Mud crabbers five times over their catch limit fined $2200
TWO MEN discovered with more than five times the legal possession limit of mudcrabs have paid a total penalty of $2200 for their offences.
Damien John Crosskell, 26 of Coutts Crossing and Billy John Clifford, 27, of Nymboida both pleaded guilty to a number of fishing offences after they were found with three crates containing 56 tied mudcrabs on the banks of the Sandon River nearly two years ago.
The court heard there was a catch limit of five mudcrabs a day for each fisher at the time of the offence.
Magistrate Karen Stafford told the pair, who fronted Grafton Local Court yesterday, there was a maximum penalty of $22,000 each for the offence.
The NSW Department of Primary Industries Fisheries department took the pair to court just in time, as a two-year time limit for these offences was about to expire.
In evidence presented to the court, two fishery officers patrolling the Sandon River area came upon Clifford and Crosskell asleep in swags under a tarpaulin lean-to on the river bank.

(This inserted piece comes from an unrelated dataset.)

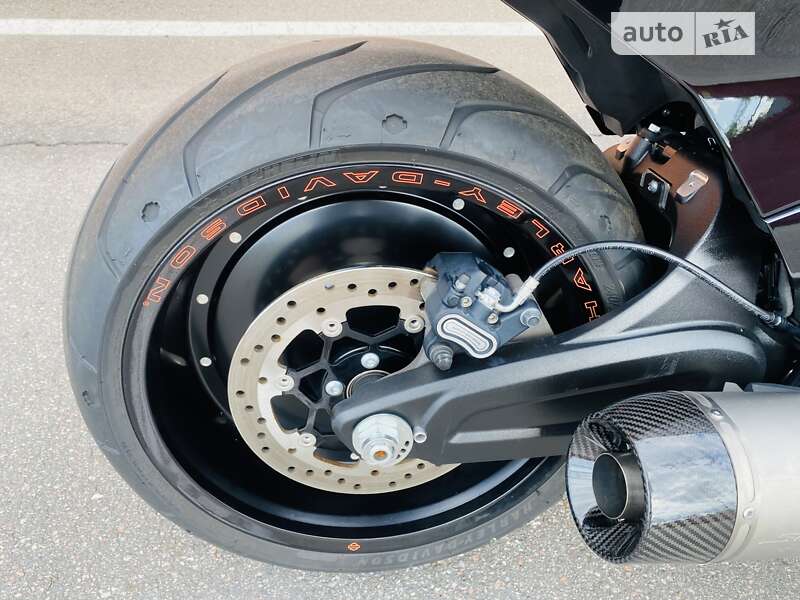 Мотоцикл Чоппер Harley-Davidson FXDRS 2019 в Киеве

Also under the tarpaulin were three plastic crates and 26 lengths of pink string, cut long enough to tie mud crabs.
The officers said the pair admitted owning the crustaceans in the crates and later counted 56 live and tied crabs in them.
The pair told the officers they caught the crabs using a spotlight and a cast net.

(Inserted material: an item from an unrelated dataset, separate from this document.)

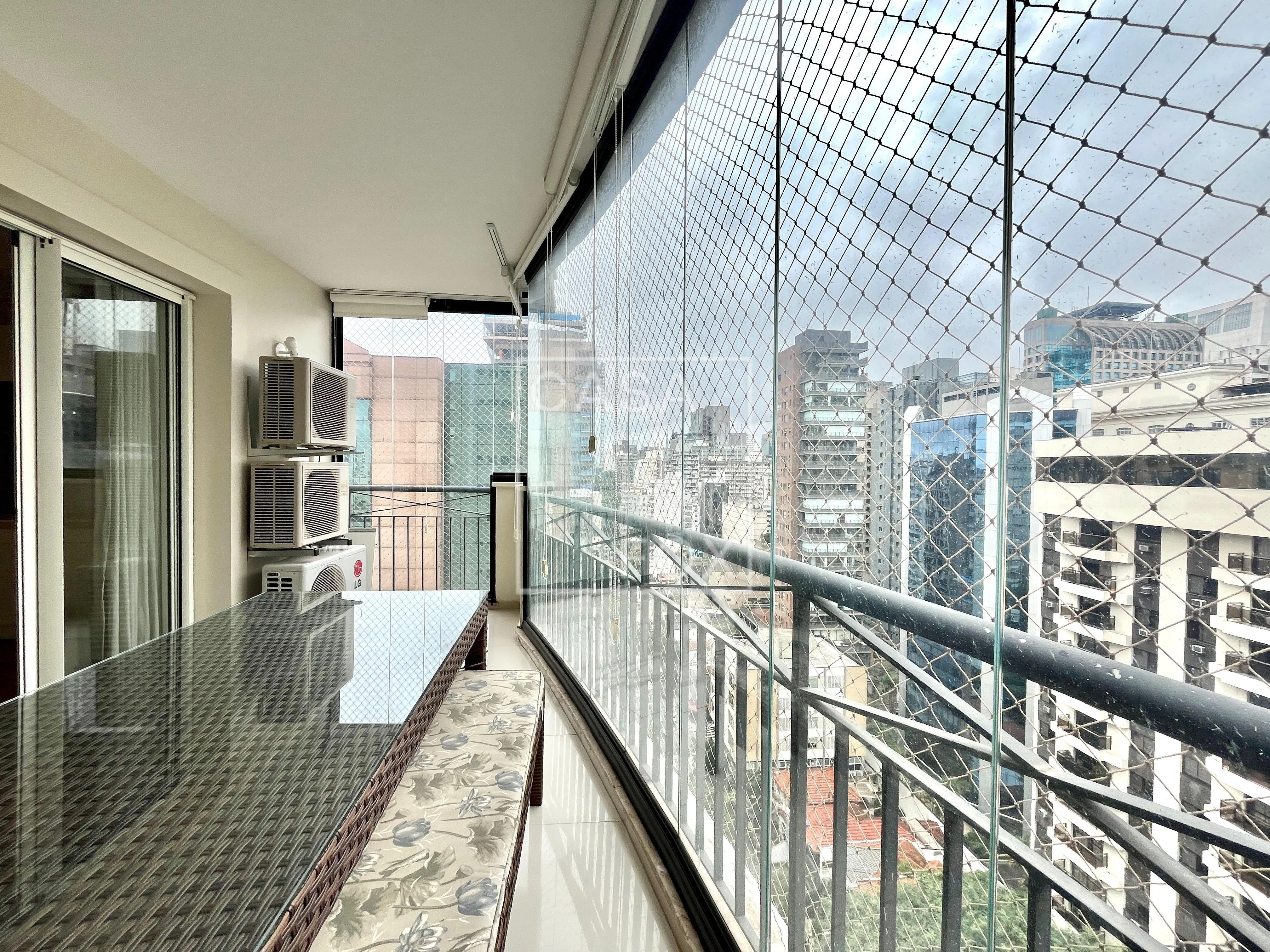 Apartamento com 2 suítes à venda em Jardim Paulista, São Paulo, por R$ 2.000.000 Imagem 5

The officers allowed the pair to keep the number of crabs they were allowed and released the rest.
Despite being in possession of a commercial number of crabs, the pair maintained the crabs were for their consumption and their families.
In court yesterday Clifford said there was large number of extended family members to share the crabs among.
Magistrate Stafford said on the balance of probabilities she accepted the crabs were not going to be sold, despite the high profit that could be gained.
She convicted and fined Crosskell $800 for exceeding the possession limit and $300 each for possession of a cast net and not having a fishing licence. She fined Clifford $800 for exceeding the possession limit.